TASK ITEM => Search the listing below for the line containing "Apartamento à venda". From there through the line containing "Shopify店铺适合做什么产品", transcribe every line exactly, both ends included.

►

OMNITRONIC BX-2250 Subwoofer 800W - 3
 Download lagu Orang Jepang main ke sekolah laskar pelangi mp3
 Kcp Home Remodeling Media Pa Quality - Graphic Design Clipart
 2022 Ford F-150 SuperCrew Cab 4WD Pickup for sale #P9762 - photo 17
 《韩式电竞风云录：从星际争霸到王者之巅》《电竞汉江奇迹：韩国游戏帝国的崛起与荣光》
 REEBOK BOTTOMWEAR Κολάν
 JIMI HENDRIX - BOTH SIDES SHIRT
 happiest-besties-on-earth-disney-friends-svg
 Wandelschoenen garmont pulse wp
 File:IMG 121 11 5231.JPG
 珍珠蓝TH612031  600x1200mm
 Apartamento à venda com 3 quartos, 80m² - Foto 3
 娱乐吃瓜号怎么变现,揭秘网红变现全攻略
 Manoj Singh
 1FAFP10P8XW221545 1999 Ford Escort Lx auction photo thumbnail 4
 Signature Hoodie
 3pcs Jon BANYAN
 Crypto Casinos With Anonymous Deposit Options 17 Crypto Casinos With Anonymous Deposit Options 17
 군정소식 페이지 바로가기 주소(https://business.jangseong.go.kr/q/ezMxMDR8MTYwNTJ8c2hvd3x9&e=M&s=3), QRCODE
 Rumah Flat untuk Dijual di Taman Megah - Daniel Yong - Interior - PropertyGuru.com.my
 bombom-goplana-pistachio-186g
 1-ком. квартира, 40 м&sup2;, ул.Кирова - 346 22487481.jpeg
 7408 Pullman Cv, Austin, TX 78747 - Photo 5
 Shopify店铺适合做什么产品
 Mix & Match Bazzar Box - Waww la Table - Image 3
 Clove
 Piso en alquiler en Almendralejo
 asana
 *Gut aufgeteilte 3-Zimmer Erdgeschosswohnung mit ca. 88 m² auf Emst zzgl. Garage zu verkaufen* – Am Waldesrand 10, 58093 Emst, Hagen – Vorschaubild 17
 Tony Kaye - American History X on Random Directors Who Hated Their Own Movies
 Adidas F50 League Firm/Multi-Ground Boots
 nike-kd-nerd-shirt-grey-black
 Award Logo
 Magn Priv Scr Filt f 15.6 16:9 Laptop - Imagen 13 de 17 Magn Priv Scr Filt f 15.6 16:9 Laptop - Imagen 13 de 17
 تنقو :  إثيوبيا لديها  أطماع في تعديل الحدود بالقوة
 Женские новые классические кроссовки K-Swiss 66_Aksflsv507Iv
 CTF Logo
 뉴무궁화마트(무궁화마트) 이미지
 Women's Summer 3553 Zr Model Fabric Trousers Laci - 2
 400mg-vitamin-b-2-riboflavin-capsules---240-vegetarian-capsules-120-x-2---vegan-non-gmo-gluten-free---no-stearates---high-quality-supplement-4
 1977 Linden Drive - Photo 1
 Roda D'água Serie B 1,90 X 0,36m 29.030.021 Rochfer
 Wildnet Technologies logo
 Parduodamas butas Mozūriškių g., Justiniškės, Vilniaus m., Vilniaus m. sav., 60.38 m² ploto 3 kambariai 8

◄

RESULT OF THE TASK =>
 Apartamento à venda com 3 quartos, 80m² - Foto 3
 娱乐吃瓜号怎么变现,揭秘网红变现全攻略
 Manoj Singh
 1FAFP10P8XW221545 1999 Ford Escort Lx auction photo thumbnail 4
 Signature Hoodie
 3pcs Jon BANYAN
 Crypto Casinos With Anonymous Deposit Options 17 Crypto Casinos With Anonymous Deposit Options 17
 군정소식 페이지 바로가기 주소(https://business.jangseong.go.kr/q/ezMxMDR8MTYwNTJ8c2hvd3x9&e=M&s=3), QRCODE
 Rumah Flat untuk Dijual di Taman Megah - Daniel Yong - Interior - PropertyGuru.com.my
 bombom-goplana-pistachio-186g
 1-ком. квартира, 40 м&sup2;, ул.Кирова - 346 22487481.jpeg
 7408 Pullman Cv, Austin, TX 78747 - Photo 5
 Shopify店铺适合做什么产品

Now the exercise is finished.